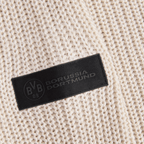 Beiger BVB-Winterpullover in Nahaufnahme, mit schwarzem Borussia Dortmund-Logo auf einem Etikett auf der Vorderseite des Strickstoffs.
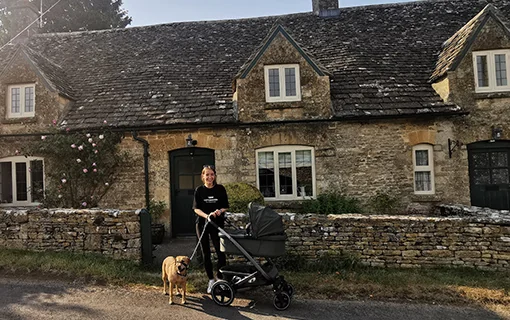 Student with pram stood outside of cotswold house in sunshine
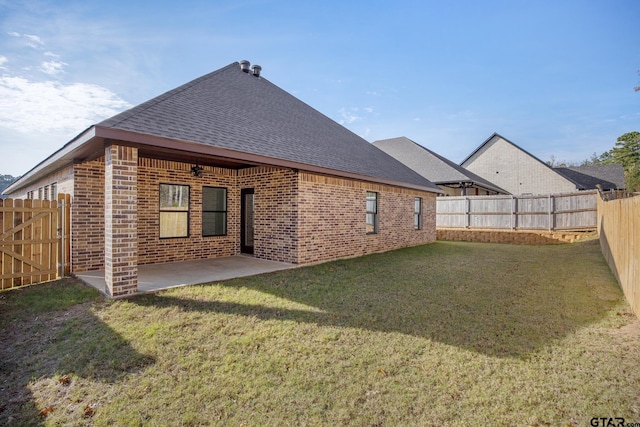 back of house featuring a patio area and a yard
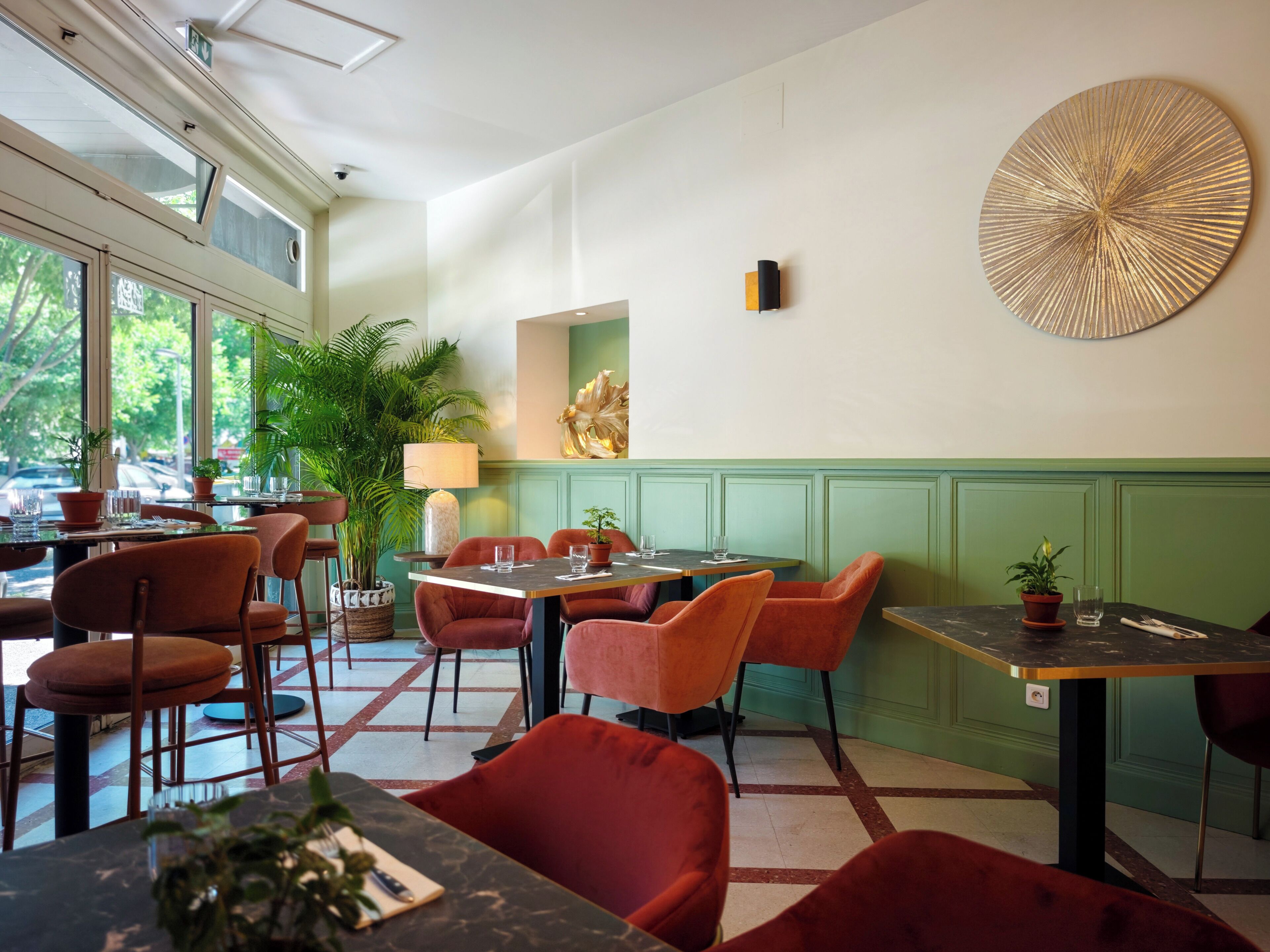 En restaurang med röda stolar och bord, krukväxter och en stor väggdekoration.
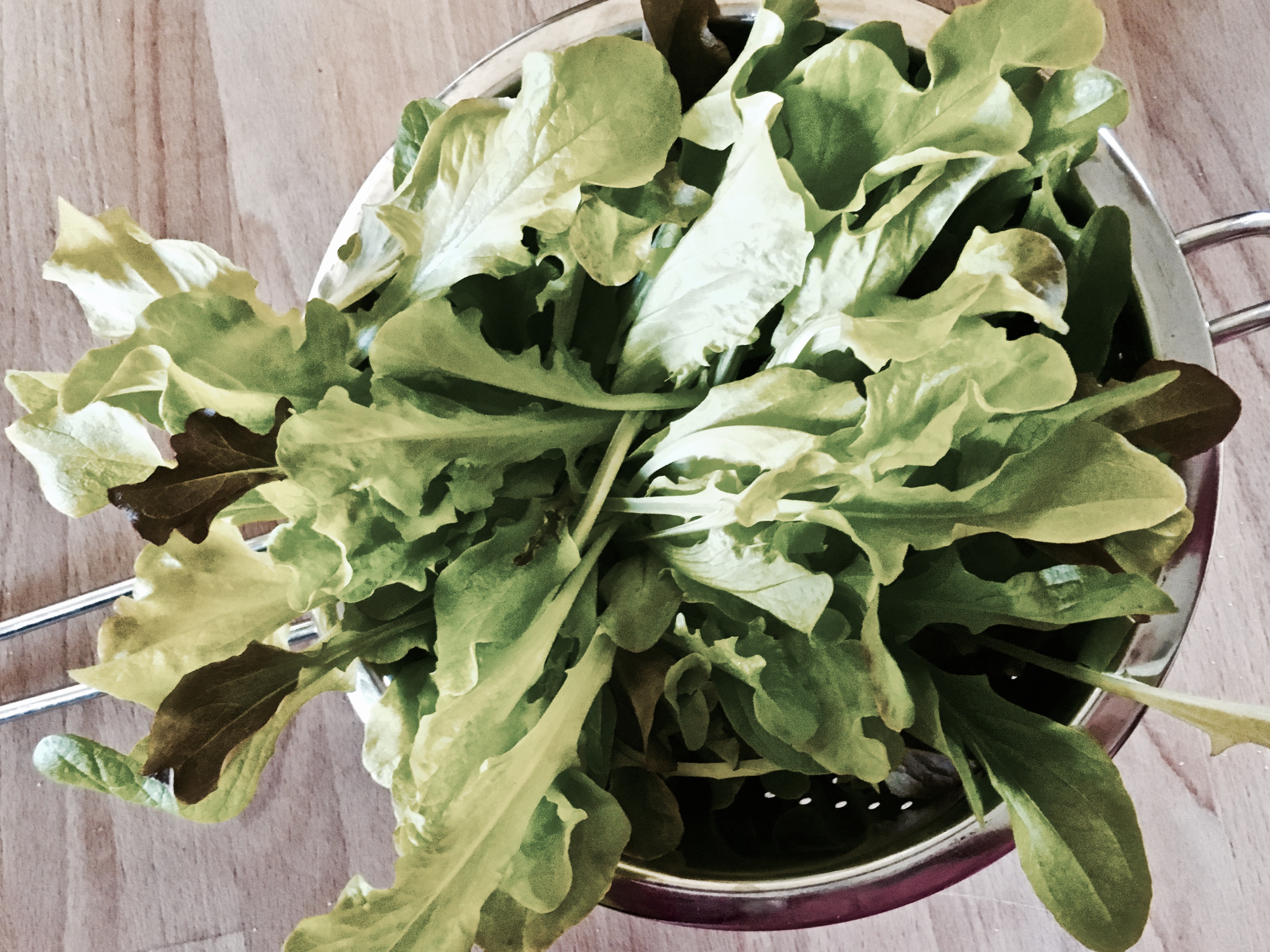 Colander of baby salad leaves on wooden chopping board.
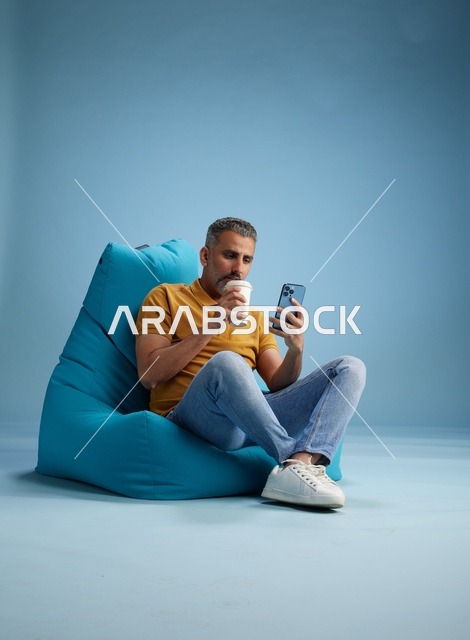 رجل سعودي يسترخي على مقعد مع كوب قهوة وهاتف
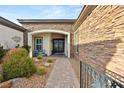 Inviting front entrance with stone accents, arched entry, and desert landscape at 7165 N Grand Canyon Dr, Las Vegas, NV 89149
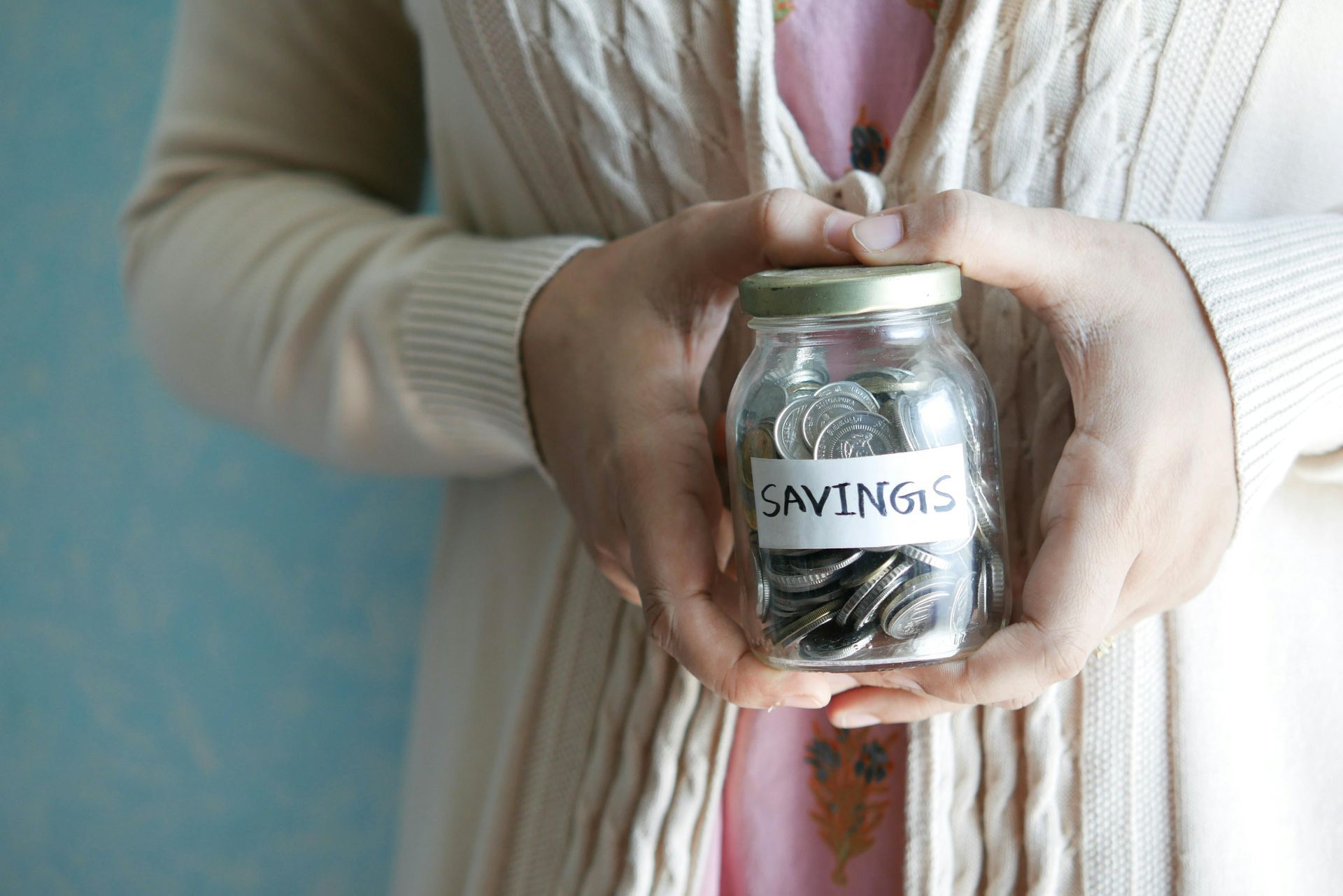 Hands holding a glass jar labeled “CAVING” with folded paper slips inside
________
Write out the lines of the listing from the one that holds "Colander of baby" to the very last line, both included, exactly as they appear and without any pictures.

_Exercise response_
 Colander of baby salad leaves on wooden chopping board.
 رجل سعودي يسترخي على مقعد مع كوب قهوة وهاتف
 Inviting front entrance with stone accents, arched entry, and desert landscape at 7165 N Grand Canyon Dr, Las Vegas, NV 89149
 Hands holding a glass jar labeled “CAVING” with folded paper slips inside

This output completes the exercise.